Welly menjelaskan bahwa pihaknya tetap berkomunikasi dengan Bursa Efek Indonesia terkait dengan suspensi dan potensi delisting. Permintaan relaksasi telah dilakukan sejak tahun lalu, Welly menyebutkan jika kelonggaran yang diminta adalah hingga akhir tahun 2024.
Meski demikian, Dia mengakui bahwa sampai dengan saat ini proses restrukturisasi belum menemui kesepakatan dengan kreditur. Menurunnya penyelesaian restrukturisasi di luar kontrol karena ada pertimbangan dan negosiasi yang harus diselesaikan dengan kreditur-kreditur tersebut.
“Kami akan melakukan komunikasi lagi dengan pihak BEI dan juga memberikan keterbukaan informasi kepada publik. Kalau untuk PKPU sudah selesai,” katanya.
Baca Juga
Berdasarkan data Bisnis, saham SRIL mulai disuspensi Bursa sejak 18 Mei 2021 di posisi Rp146 per saham.
Suspensi saham yang dilakukan BEI berujung potensi delisting saham SRIL. Suspensi saham tersebut didasari oleh penundaan pembayaran pokok dan bunga Medium Term Notes (MTN) Sritex Tahap III Tahun 2018 serta kasus PKPU dan restrukturisasi.
Kondisi tersebut menyebabkan BEI menyematkan notasi M, E, X, L dan memasukkannya bersama saham-sama tidak likuid ke papan pemantauan khusus dengan kriteria 5 dan 7.

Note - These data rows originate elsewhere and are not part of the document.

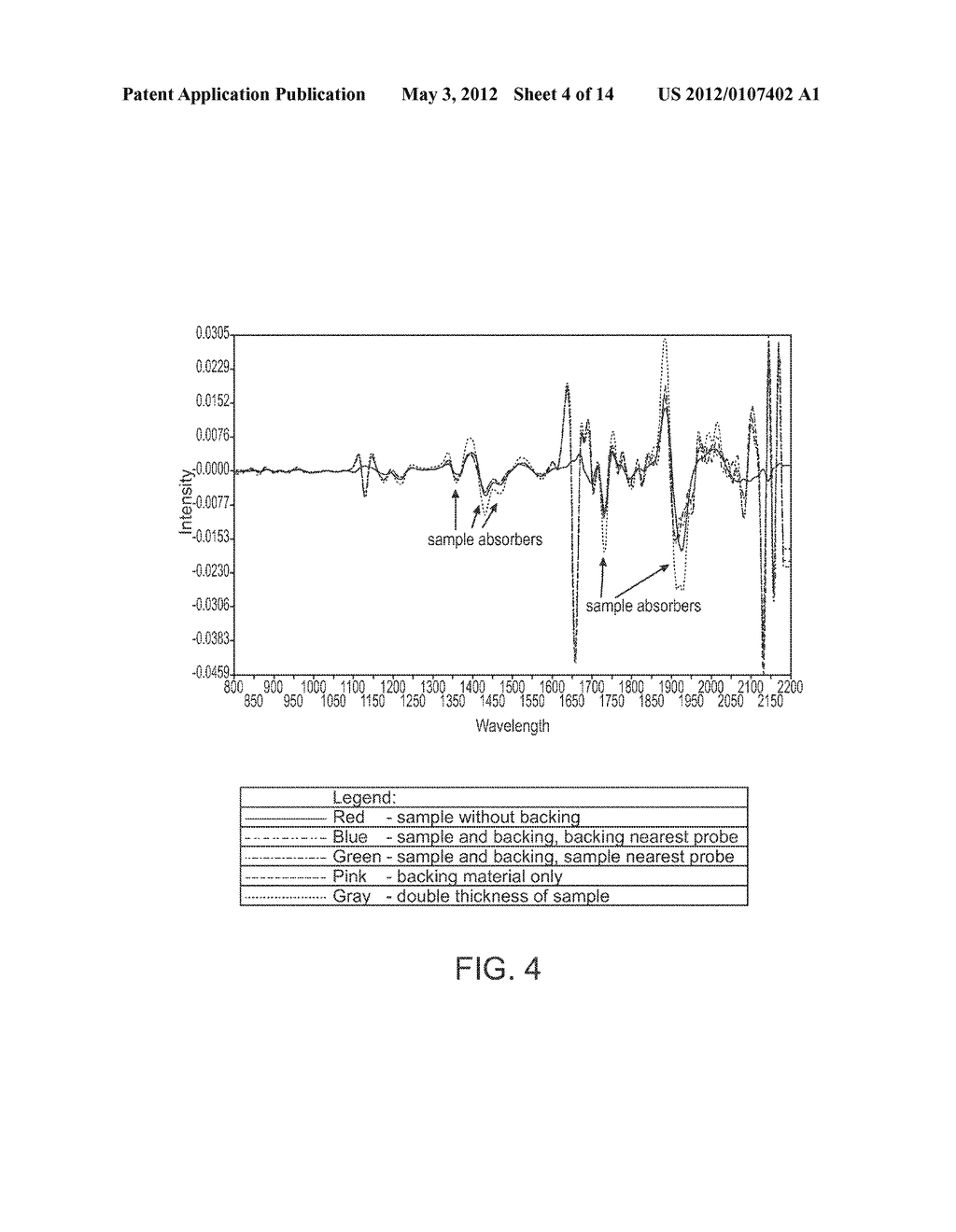 PROCESS FOR ANALYZING AND ESTABLISHING DOSAGE SIZE IN AN INGESTIBLE FILM - diagram, schematic, and image 05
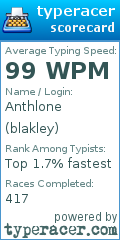 Scorecard for user blakley
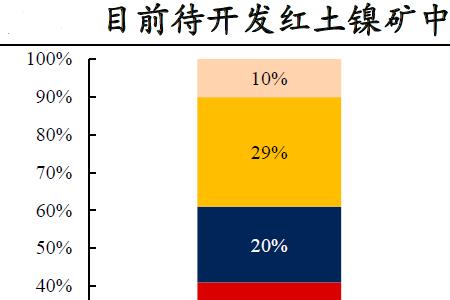 全国哪里的新能源电池矿产丰富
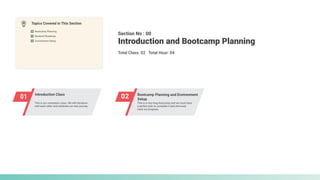01 Introduction Class
02 Bootcamp Planning and Environment
Setup
Section No : 00
Total Class: 02 Total Hour: 04
Introduction and Bootcamp Planning
Topics Covered in This Section
Bootcamp Planning
Environment Setup
Backend Roadmap
This is our orientation class. We will introduce
with each other and celebrate our new journey.
This is a very long bootcamp and we must have
a perfect plan to complete it and obviously
track our progress.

Kriteria tersebut artinya emiten memiliki ekuitas negatif dalam laporan keuangan terakhir serta memiliki likuiditas rendah dengan kriteria nilai transaksi rata-rata harian saham kurang dari Rp5 juta dan volume transaksi rata-rata harian kurang dari 10.000 kali dalam 6 bulan terakhir di pasar reguler.